For some work in equivariant stable homotopy, I am trying to understand the family of finite $p$-groups $P$ with derived subgroup $P'$ of order $p$. There is a 1999 J. Algebra paper by Simon Blackburn (Groups of prime power order with derived subgroup of prime order) that gives a very detailed classification, but I would like to understand these a bit more conceptually, and don't really care about uniqueness of description.

So I am wondering if my group theory friends can tell me (perhaps with a reference) if it is correct that all such groups can be constructed as follows:

(a) Start with an extra special $p$ group $\widetilde V$, so it sits in a nonsplit short exact sequence $$ C_p \rightarrow \widetilde V \rightarrow V,$$ where $V$ is an elementary abelian group of even dimension, and $C_p = \widetilde V^{\prime}$.

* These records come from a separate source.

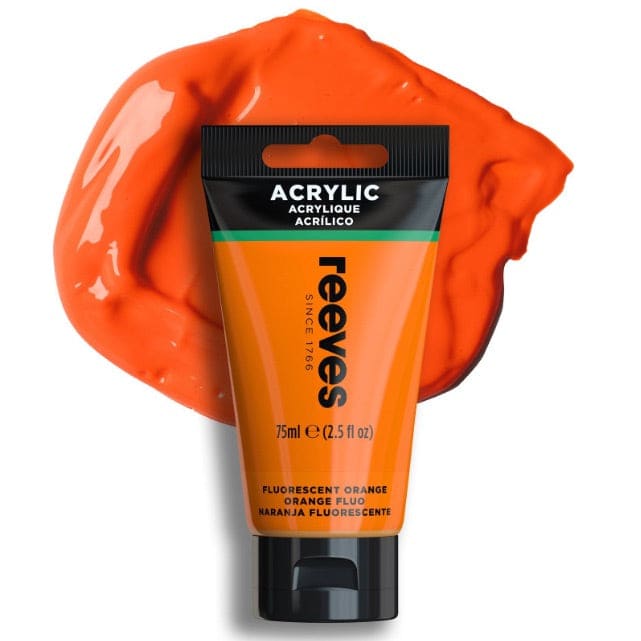 REEVES ACRYLICS REEVES ACRYLICS RVS Artists' Acrylic 75ml - Fluoro Orange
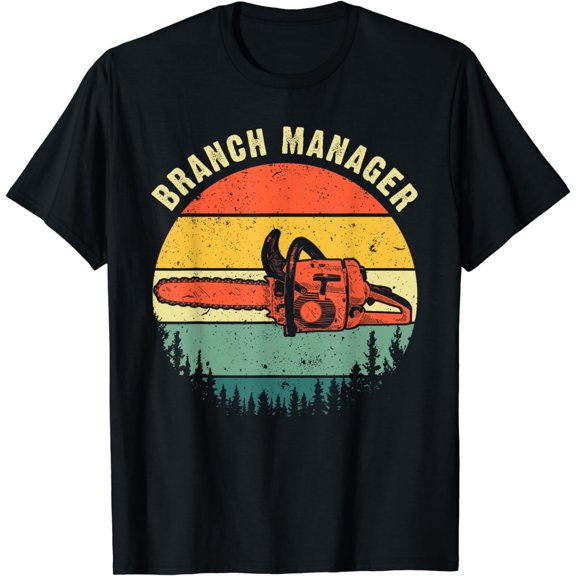 Cool Lumberjack Art Men Women Arborist Logger Branch Manager T-Shirt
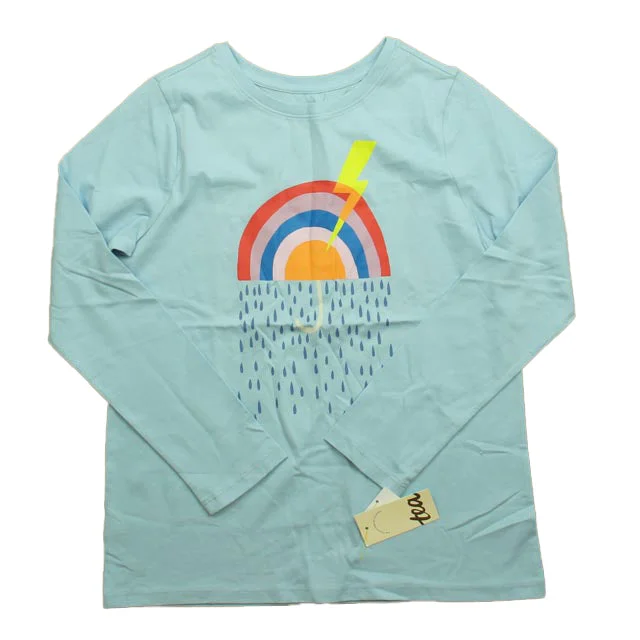 Men's Tab-Collar Shirts for a Crisp LookTea Girls Blue Rainbow Long Sleeve Shirt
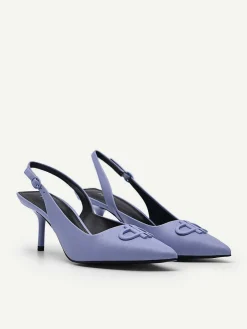 Pedro Icon Leather Pointed Slingback Pumps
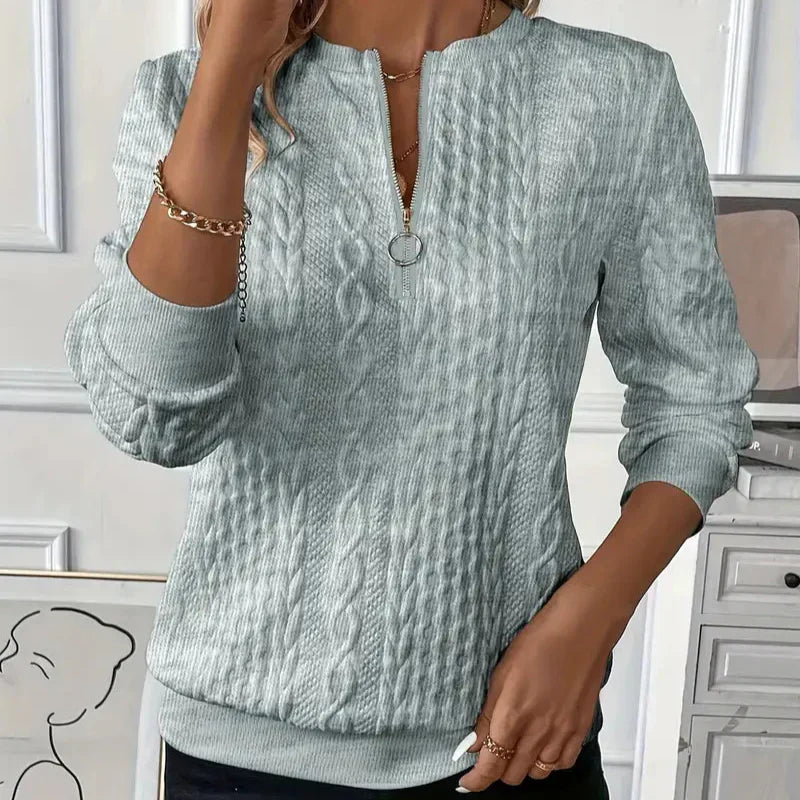 LUCIA I Zip-Up Pullover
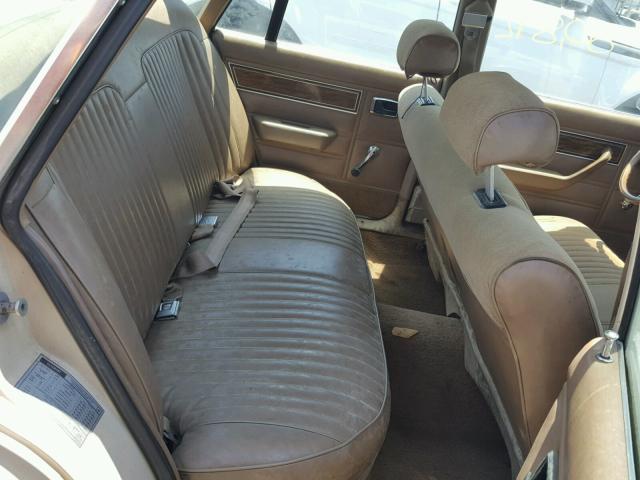 1FABP21B0CK102266 - 1982 FORD FAIRMONT TAN photo 6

(b) Then pullback via a surjective map $\pi: A \rightarrow V$, where $A$ is an abelian $p$ group, yielding a nonsplit short exact sequence $$ C_p \rightarrow \widetilde A \rightarrow A,$$ with $C_p = \widetilde A^{\prime}$.

(c) [See Derek Holt's example, and ensuing comments.] Note that $Z(\widetilde A) = C_p \times \ker \pi$. Let $\alpha: C_p \rightarrow \ker \pi$ be a homomorphism, and let $C < Z(\widetilde A)$ be its graph. Now pushout via an inclusion $C \hookrightarrow C_{p^k}$, yielding a group $P$.

Then $P$ is a $p$-group of the sort I am interested in: $P' = C_p$. Furthermore $Z(P) = C_{p^k} \times \ker \pi$, and $P/Z(P) = V$, which looks rather like the ingredients of Blackburn's classification.

So now my question again: does every finite $p$-group with derived subgroup of order $p$ arise in this way?